We interpolate as follows:
In [17]: da_interp = grid.interp(da, axis="X")
In [18]: da_interp
Out[18]:
<xarray.DataArray 'x_c' (x_g: 9)>
array([ 3.21393805e-01, 8.13797681e-01, 9.25416578e-01, 6.04022774e-01,
1.11022302e-16, -6.04022774e-01, -9.25416578e-01, -8.13797681e-01,
-3.21393805e-01])
Coordinates:
* x_g (x_g) float64 0.5 1.5 2.5 3.5 4.5 5.5 6.5 7.5 8.5
We see that the output is on the x_g
points rather than the original x_c
points.
Warning
xgcm does not perform input validation to verify that da
is
compatible with grid
.
The same position shift happens with a difference operation:
In [19]: da_diff = grid.diff(da, axis="X")
In [20]: da_diff
Out[20]:
<xarray.DataArray 'x_c' (x_g: 9)>
array([ 0.64278761, 0.34202014, -0.11878235, -0.52400526, -0.68404029,
-0.52400526, -0.11878235, 0.34202014, 0.64278761])
Coordinates:
* x_g (x_g) float64 0.5 1.5 2.5 3.5 4.5 5.5 6.5 7.5 8.5
We can reverse the difference operation by taking a cumsum:
In [21]: grid.cumsum(da_diff, "X")
Out[21]:
<xarray.DataArray 'x_c' (x_c: 9)>
array([ 6.42787610e-01, 9.84807753e-01, 8.66025404e-01, 3.42020143e-01,
-3.42020143e-01, -8.66025404e-01, -9.84807753e-01, -6.42787610e-01,
1.11022302e-16])
Coordinates:
* x_c (x_c) int64 1 2 3 4 5 6 7 8 9
Which is approximately equal to the original da
, modulo the numerical errors
accrued due to the discretization of the data.
By default, these grid operations will drop any coordinate that are not dimensions.

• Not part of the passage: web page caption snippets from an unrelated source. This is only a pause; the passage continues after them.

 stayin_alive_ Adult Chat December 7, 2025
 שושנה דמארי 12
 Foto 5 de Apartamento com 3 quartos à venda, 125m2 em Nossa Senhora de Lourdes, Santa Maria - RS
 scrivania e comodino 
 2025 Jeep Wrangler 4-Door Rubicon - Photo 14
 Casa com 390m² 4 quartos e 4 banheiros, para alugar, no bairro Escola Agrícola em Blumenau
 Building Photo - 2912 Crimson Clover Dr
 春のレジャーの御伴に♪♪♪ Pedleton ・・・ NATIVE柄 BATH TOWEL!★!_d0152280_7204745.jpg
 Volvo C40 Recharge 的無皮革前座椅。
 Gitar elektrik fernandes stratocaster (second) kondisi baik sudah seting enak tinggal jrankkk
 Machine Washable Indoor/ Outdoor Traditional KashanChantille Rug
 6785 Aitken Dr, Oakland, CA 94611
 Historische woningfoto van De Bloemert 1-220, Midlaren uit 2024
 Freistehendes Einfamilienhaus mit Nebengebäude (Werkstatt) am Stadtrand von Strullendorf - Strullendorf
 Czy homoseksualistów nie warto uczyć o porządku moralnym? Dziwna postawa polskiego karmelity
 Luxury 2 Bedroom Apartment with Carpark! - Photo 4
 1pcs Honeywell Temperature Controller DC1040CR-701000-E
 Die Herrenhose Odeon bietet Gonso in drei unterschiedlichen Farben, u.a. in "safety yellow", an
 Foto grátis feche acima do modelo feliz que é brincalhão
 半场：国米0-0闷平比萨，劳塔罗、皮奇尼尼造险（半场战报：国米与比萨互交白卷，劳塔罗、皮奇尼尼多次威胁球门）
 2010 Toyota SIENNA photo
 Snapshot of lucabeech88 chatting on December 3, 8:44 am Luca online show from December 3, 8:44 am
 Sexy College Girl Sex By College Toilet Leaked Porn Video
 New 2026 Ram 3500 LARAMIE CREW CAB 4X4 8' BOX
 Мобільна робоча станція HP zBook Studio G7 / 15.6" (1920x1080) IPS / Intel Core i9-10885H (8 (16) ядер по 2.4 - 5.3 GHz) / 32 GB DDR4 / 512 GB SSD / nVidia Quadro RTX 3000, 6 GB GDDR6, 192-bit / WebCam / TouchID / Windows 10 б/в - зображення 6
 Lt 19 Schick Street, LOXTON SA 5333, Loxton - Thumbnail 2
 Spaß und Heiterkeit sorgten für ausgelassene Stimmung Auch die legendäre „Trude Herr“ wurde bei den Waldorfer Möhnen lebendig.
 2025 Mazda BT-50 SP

The keep_coords argument allow to preserve compatible coordinates. For example:
In [22]: da2 = da + xr.Dataset(coords={"y": np.arange(1, 3)})["y"]
In [23]: da2 = da2.assign_coords(h=da2.y**2)
In [24]: print(da2)
<xarray.DataArray (x_c: 9, y: 2)>
array([[1.64278761, 2.64278761],
[1.98480775, 2.98480775],
[1.8660254 , 2.8660254 ],
[1.34202014, 2.34202014],
[0.65797986, 1.65797986],
[0.1339746 , 1.1339746 ],
[0.01519225, 1.01519225],
[0.35721239, 1.35721239],
[1. , 2. ]])
Coordinates:
* x_c (x_c) int64 1 2 3 4 5 6 7 8 9
* y (y) int64 1 2
h (y) int64 1 4
In [25]: grid.interp(da2, "X", keep_coords=True)
Out[25]:
<xarray.DataArray (x_g: 9, y: 2)>
array([[1.3213938 , 2.3213938 ],
[1.81379768, 2.81379768],
[1.92541658, 2.92541658],
[1.60402277, 2.60402277],
[1. , 2. ],
[0.39597723, 1.39597723],
[0.07458342, 1.07458342],
[0.18620232, 1.18620232],
[0.6786062 , 1.6786062 ]])
Coordinates:
* x_g (x_g) float64 0.5 1.5 2.5 3.5 4.5 5.5 6.5 7.5 8.5
Dimensions without coordinates: y
So far we have just discussed simple grids (i.e. regular grids with a single face). Xgcm can also deal with complex topologies such as cubed-sphere and lat-lon-cap. This is described in the grid_topology page.